NEO Semiconductor has just unveiled the development of its new 3D X-AI chip technology, which aims to replace DRAM chips inside of HBM to solve data bus bottlenecks, by enabling AI processing through 3D DRAM.
The new 3D X-AI chip technology can reduce the huge amount of data transferred between HBM and GPUs during AI workloads, with NEO's innovative new 3D X-AI chip technology set to "revolutionize the performance, power consumption, and cost of AI chips for AI applications like generative AI".
NEO's new 3D X-AI chip technology has 100x the performance with 8000 neuron circuits to perform AI processing in 3D memory, a huge 99% power reduction that minimizes the requirement of transferring data to the GPU for calculation, reducing power consumption and heat generation by the data bus, and 8x the memory density with 300 memory layers, allowing HBM to store larger AI models.

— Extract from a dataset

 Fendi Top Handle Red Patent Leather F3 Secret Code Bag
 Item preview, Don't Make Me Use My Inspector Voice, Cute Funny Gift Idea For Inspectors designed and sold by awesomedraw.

A single 3D X-AI die has 300 layers of 3D DRAM cells with 128Gb capacity, and one layer of neural circuit with 8000 neurons. NEO's estimates that its new chip can support up to 10TB/sec of AI processing throughput per die, while using 12x 3D X-AI dies stacked with HBM packaging can achieve 120TB/sec processing throughput, which is a mind-boggling 100x performance increrase.
Andy Hsu, Founder & CEO of NEO Semiconductor, said: "Current AI Chips waste significant amounts of performance and power due to architectural and technological inefficiencies. The current AI Chip architecture stores data in HBM and relies on a GPU to perform all calculations. This separated data storage and data processing architecture makes the data bus an unavoidable performance bottleneck. Transferring huge amounts of data through the data bus causes limited performance and very high power consumption. 3D X-AI can perform AI processing in each HBM chip. This can drastically reduce the data transferred between HBM and GPU to improve performance and reduce power consumption dramatically".
Jay Kramer, President of Network Storage Advisors, said: "The application of 3D X-AI technology can accelerate the development of emerging AI use cases and promote the creation of new ones".